* [Your objective] Please output the data exactly, minus pictures.

* [Recorded information]
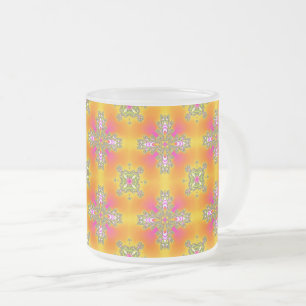Taza De Cristal Esmerilado Flores artdeco en estilo retro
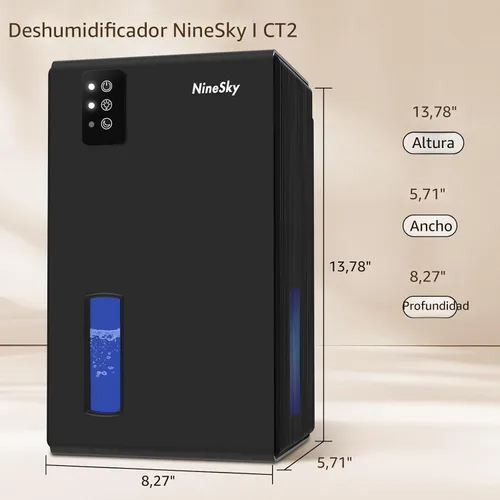 Vista 2 de NineSky Deshumidificador, deshumidificador de 1000 pies cuadrados para el hogar con tanque de agua grande de 95 onzas, deshumidificador silencioso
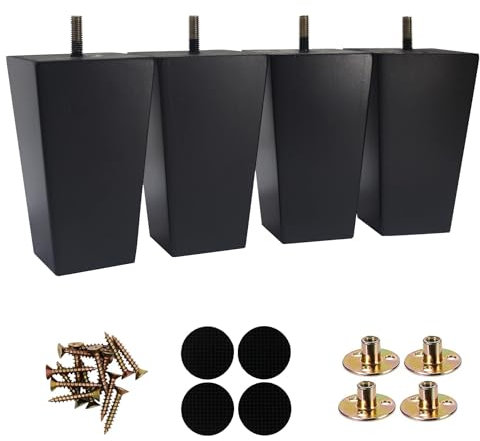 SHANJUE Wood Furniture Legs 5 inch Sofa Legs Pack of 4,Black Square Couch feet Mid Century Chair Legs,Sofa Replacement Parts,for Dresser, Sideboard, Recliner, Coffee Table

* [Output of the task]
Taza De Cristal Esmerilado Flores artdeco en estilo retro
 Vista 2 de NineSky Deshumidificador, deshumidificador de 1000 pies cuadrados para el hogar con tanque de agua grande de 95 onzas, deshumidificador silencioso
 SHANJUE Wood Furniture Legs 5 inch Sofa Legs Pack of 4,Black Square Couch feet Mid Century Chair Legs,Sofa Replacement Parts,for Dresser, Sideboard, Recliner, Coffee Table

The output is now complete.